[m-rev.] for review: make characters an instance of the uenum typeclass
Peter Wang
novalazy at gmail.com
Tue Dec 20 18:54:10 AEDT 2022
On Tue, 20 Dec 2022 18:00:32 +1100 Julien Fischer <jfischer at opturion.com> wrote:
>
> For review by anyone.
>
> ---------------------
>
> Make characters an instance of the uenum typeclass
>
> The recent change to sparse_bitsets broke the lex library in extras.
> Specifically, we now now need to make characters an instance of the
> uenum typeclass.
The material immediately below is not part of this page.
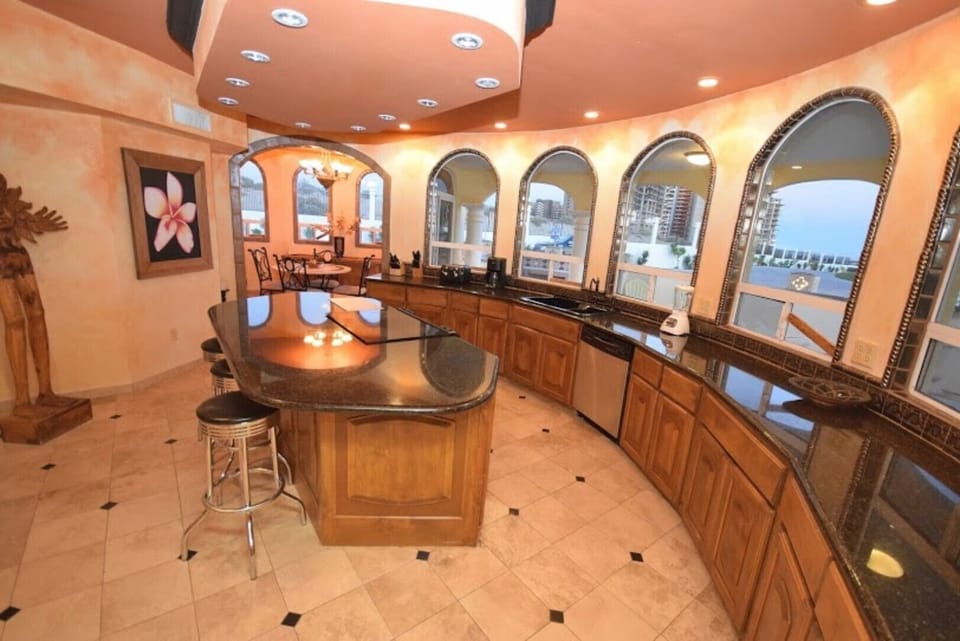 Gourmet kitchen by day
This diff does so.
>
> library/char.m:
> Add predicates and functions for converting between unsigned integers
> and characters.
>
> Make characters an instance of the uenum typeclass.
>
> tests/hard_coded/Mmakefile:
> tests/hard_coded/char_uint_conv.{m,exp,exp2}:
> Add a test of the above conversions.
>
> NEWS:
> Announce the additions.
>
> extras/lex.m:
> Conform to recent changes.
>
> Julien.
>
> diff --git a/NEWS b/NEWS
> index a5322b4..913abd3 100644
> --- a/NEWS
> +++ b/NEWS
> @@ -102,6 +102,18 @@ Changes to the Mercury standard library
> - func `promise_only_solution/1`
> - pred `promise_only_solution_io/4`
>
> +### Changes to the `char` module
> +
> +* The following type has had its typeclass memberships changed:
> +
> + - The type `character` is now an instance of the new `uenum` typeclass.
> +
Just state this without the leadup?
> +* The following predicate and functions have been added:
> +
> + - func `to_uint/1`
> + - pred `from_uint/2`
> + - func `det_from_uint/1`
> +
> ### Changes to the `cord` module
>
> * The following predicates have been added:
> diff --git a/extras/lex/lex.m b/extras/lex/lex.m
> index 1f934c2..5e8722b 100644
> --- a/extras/lex/lex.m
> +++ b/extras/lex/lex.m
> @@ -98,7 +98,7 @@
> :- instance regexp(regexp).
> :- instance regexp(char).
> :- instance regexp(string).
> -:- instance regexp(sparse_bitset(T)) <= (regexp(T),enum(T)).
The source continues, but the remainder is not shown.